§ Try it
Reproduce exactly the lines of the material beneath, from the line that contains "The Best Way to Use Honey for Hair" to the line that contains "Homemade Chicken Soup: Your", both included, and no other lines.

§ Provided records
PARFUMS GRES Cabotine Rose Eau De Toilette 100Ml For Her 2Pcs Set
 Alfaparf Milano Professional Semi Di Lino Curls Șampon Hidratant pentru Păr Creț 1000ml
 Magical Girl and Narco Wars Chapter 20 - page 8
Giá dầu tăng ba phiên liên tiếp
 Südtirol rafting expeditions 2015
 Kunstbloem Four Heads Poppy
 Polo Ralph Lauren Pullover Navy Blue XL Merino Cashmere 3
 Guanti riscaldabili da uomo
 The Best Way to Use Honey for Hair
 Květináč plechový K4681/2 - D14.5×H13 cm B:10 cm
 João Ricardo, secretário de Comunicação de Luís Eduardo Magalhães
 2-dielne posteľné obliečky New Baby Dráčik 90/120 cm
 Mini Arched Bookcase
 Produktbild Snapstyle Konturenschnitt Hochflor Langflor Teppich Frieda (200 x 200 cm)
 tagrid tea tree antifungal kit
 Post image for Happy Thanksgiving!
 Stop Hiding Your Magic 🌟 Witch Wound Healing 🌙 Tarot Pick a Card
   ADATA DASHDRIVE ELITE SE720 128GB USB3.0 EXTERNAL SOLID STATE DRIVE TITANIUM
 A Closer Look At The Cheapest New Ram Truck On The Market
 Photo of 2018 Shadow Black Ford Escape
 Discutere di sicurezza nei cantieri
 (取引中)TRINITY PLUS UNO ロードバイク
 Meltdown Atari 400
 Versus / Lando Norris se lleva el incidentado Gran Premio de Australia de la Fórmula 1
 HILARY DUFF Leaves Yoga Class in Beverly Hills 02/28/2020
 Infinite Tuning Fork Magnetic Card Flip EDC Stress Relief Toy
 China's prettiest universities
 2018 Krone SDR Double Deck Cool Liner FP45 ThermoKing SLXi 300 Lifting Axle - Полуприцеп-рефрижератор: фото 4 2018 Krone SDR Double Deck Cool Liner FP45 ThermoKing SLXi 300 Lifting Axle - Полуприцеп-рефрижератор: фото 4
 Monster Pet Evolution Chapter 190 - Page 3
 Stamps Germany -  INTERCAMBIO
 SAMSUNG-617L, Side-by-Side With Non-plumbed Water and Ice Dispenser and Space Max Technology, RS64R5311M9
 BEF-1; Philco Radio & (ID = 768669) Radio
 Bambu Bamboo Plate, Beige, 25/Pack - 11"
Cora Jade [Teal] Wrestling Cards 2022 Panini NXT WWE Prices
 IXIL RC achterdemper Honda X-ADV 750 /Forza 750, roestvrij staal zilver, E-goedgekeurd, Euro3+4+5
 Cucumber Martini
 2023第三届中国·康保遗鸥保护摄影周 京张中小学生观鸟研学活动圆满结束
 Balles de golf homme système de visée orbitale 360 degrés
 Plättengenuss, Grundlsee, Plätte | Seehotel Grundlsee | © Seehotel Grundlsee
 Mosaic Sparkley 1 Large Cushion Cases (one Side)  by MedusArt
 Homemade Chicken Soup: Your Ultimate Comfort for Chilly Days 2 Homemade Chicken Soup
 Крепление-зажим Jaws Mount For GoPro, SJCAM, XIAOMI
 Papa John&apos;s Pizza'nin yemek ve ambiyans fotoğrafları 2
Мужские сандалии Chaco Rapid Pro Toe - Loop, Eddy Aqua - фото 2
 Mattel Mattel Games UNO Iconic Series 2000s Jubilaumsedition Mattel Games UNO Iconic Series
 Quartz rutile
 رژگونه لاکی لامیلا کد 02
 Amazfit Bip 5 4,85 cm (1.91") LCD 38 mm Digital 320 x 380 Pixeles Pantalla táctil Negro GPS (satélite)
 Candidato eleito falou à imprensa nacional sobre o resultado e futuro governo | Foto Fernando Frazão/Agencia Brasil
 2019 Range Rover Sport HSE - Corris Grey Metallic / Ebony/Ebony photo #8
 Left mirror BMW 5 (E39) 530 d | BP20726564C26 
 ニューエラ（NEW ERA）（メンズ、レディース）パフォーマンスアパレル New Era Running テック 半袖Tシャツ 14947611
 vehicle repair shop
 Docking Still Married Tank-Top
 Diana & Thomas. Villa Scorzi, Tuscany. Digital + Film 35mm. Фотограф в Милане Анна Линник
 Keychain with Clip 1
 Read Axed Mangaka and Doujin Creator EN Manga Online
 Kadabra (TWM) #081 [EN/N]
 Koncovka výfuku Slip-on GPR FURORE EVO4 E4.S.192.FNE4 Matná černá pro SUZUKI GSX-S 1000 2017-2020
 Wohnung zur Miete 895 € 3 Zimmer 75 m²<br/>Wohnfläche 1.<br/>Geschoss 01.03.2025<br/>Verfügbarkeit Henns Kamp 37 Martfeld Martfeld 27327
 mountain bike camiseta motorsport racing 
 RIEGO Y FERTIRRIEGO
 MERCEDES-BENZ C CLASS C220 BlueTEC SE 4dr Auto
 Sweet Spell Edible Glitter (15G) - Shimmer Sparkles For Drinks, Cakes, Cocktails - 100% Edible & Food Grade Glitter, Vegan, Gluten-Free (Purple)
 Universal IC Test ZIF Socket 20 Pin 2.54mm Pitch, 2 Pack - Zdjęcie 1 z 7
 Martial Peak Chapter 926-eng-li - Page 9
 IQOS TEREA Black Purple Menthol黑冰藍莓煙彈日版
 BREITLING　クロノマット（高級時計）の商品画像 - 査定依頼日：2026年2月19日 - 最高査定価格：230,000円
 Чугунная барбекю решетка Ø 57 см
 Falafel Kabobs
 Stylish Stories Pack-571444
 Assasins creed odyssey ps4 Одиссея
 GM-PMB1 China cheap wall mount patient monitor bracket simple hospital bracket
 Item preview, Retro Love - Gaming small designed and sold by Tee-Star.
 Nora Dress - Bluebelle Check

§ Solved problem
 The Best Way to Use Honey for Hair
 Květináč plechový K4681/2 - D14.5×H13 cm B:10 cm
 João Ricardo, secretário de Comunicação de Luís Eduardo Magalhães
 2-dielne posteľné obliečky New Baby Dráčik 90/120 cm
 Mini Arched Bookcase
 Produktbild Snapstyle Konturenschnitt Hochflor Langflor Teppich Frieda (200 x 200 cm)
 tagrid tea tree antifungal kit
 Post image for Happy Thanksgiving!
 Stop Hiding Your Magic 🌟 Witch Wound Healing 🌙 Tarot Pick a Card
   ADATA DASHDRIVE ELITE SE720 128GB USB3.0 EXTERNAL SOLID STATE DRIVE TITANIUM
 A Closer Look At The Cheapest New Ram Truck On The Market
 Photo of 2018 Shadow Black Ford Escape
 Discutere di sicurezza nei cantieri
 (取引中)TRINITY PLUS UNO ロードバイク
 Meltdown Atari 400
 Versus / Lando Norris se lleva el incidentado Gran Premio de Australia de la Fórmula 1
 HILARY DUFF Leaves Yoga Class in Beverly Hills 02/28/2020
 Infinite Tuning Fork Magnetic Card Flip EDC Stress Relief Toy
 China's prettiest universities
 2018 Krone SDR Double Deck Cool Liner FP45 ThermoKing SLXi 300 Lifting Axle - Полуприцеп-рефрижератор: фото 4 2018 Krone SDR Double Deck Cool Liner FP45 ThermoKing SLXi 300 Lifting Axle - Полуприцеп-рефрижератор: фото 4
 Monster Pet Evolution Chapter 190 - Page 3
 Stamps Germany -  INTERCAMBIO
 SAMSUNG-617L, Side-by-Side With Non-plumbed Water and Ice Dispenser and Space Max Technology, RS64R5311M9
 BEF-1; Philco Radio & (ID = 768669) Radio
 Bambu Bamboo Plate, Beige, 25/Pack - 11"
Cora Jade [Teal] Wrestling Cards 2022 Panini NXT WWE Prices
 IXIL RC achterdemper Honda X-ADV 750 /Forza 750, roestvrij staal zilver, E-goedgekeurd, Euro3+4+5
 Cucumber Martini
 2023第三届中国·康保遗鸥保护摄影周 京张中小学生观鸟研学活动圆满结束
 Balles de golf homme système de visée orbitale 360 degrés
 Plättengenuss, Grundlsee, Plätte | Seehotel Grundlsee | © Seehotel Grundlsee
 Mosaic Sparkley 1 Large Cushion Cases (one Side)  by MedusArt
 Homemade Chicken Soup: Your Ultimate Comfort for Chilly Days 2 Homemade Chicken Soup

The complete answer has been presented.